So, do we ultimately perish from using the same strategy over and over again as the myth ascribes to the pelican? Is this a fatal glitch in our design—that in order to survive we must disconnect from our deep feeling nature, and that disconnection will render us incapable of responding to the very crises it impels us to create?
The jury is still out, out on the question of whether or not enough of us can see this and change
However, the jury is not out on how we make it through. Nowhere is it more exquisitely stated than by Martin Prechtel in his luminous book, Long Life, Honey in the Heart: For me, true initiations would be impossible until the modern world surrenders to the grief of its origins and seeks a true comprehension of the sacred.” He goes on to discuss the perverse hunger that is the result of being disconnected from the simple feeling truths of everyday life: “…hunger for entertainment that hopes to fill the spiritual void of individuals and a whole culture with talk shows, corn chips, movies, dope, fast cars. That hunger is an emptiness that should be wept into, grieved about, instead of blocked and filled up” (my italics). What an irony. The teaching here is that, like the pelican, we have protective "sacs" near our eyes--tear ducts! The pelican has been here 40 million years. Homo sapiens has only been here 150,000. Our survival repertoire is still largely untested. Still, it is a sad measure of the breadth of repression that there are still large numbers of people in the psychological community that not only fail to give grieving its due importance as a healing process, but actively denigrate it.

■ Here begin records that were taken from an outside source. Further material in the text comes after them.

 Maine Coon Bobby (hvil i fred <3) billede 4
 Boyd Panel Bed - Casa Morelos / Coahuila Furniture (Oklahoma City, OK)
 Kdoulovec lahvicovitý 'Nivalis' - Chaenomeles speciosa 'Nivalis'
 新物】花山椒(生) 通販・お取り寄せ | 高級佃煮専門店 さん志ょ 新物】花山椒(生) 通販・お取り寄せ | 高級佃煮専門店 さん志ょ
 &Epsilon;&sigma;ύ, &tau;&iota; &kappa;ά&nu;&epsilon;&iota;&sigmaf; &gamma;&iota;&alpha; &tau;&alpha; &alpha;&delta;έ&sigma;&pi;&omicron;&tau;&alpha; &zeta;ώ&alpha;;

As is so often the case, artists and soul-adventurers like Prechtel know better than so many of the people who purport to be experts on healing the human heart.. There will be no true transformation into the centuries-old longing for peace and collaboration among humans without our first feeling the brutal and sorrow-filled episodes of our origins—as a species and as individuals. No feeling, no tears; no tears, no truth; no truth, no vision; no vision, no potency to manifest what lives beyond political freedom—psychological and social freedom that cherish, respect and mobilize our essential nature as brilliant feelers.